# Exercise requirements
Output the listing exactly as written, apart from its pictures.

# Given material
* * * *
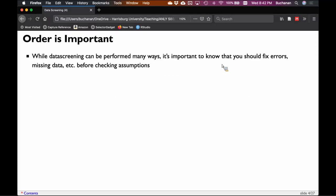The order that we do this in is also important. It can be performed in many different ways, but it's important that you fix errors first, then missing data. If you have an error you don't know what it is, it becomes missing data. Missing data needs to be fixed before you test for outliers, because if data is missing, it doesn't get included in the outlier analysis. Outliers have a strong impact on assumptions, so they're ordered in this four-step procedure on purpose.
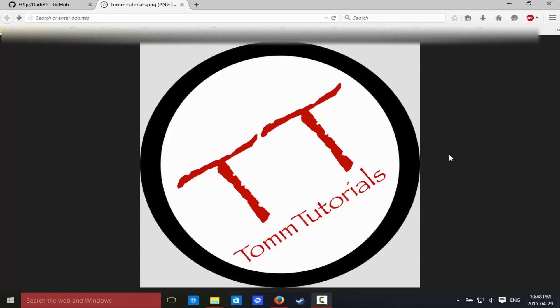Hey guys, this is Tom from TomTutorials here today. I'm doing a quick video on basically how to install DarkRP on a Garry's Mod server. I know a lot of people always have this question, they do not install game mode, they have some issues, so I just wanted to clarify this stuff for you guys.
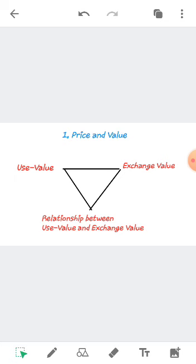In everyday language we use the words price and value alternatively with the same meaning. For instance, we make statements like: this good is expensive, this good is valuable, this good has a high price — when these statements are made, they are made without drawing a difference between price and value. But in economics, the concepts of price and value are different, and it is necessary to first understand the concept of value.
* * * *
# Completed exercise
The order that we do this in is also important. It can be performed in many different ways, but it's important that you fix errors first, then missing data. If you have an error you don't know what it is, it becomes missing data. Missing data needs to be fixed before you test for outliers, because if data is missing, it doesn't get included in the outlier analysis. Outliers have a strong impact on assumptions, so they're ordered in this four-step procedure on purpose.
Hey guys, this is Tom from TomTutorials here today. I'm doing a quick video on basically how to install DarkRP on a Garry's Mod server. I know a lot of people always have this question, they do not install game mode, they have some issues, so I just wanted to clarify this stuff for you guys.
In everyday language we use the words price and value alternatively with the same meaning. For instance, we make statements like: this good is expensive, this good is valuable, this good has a high price — when these statements are made, they are made without drawing a difference between price and value. But in economics, the concepts of price and value are different, and it is necessary to first understand the concept of value.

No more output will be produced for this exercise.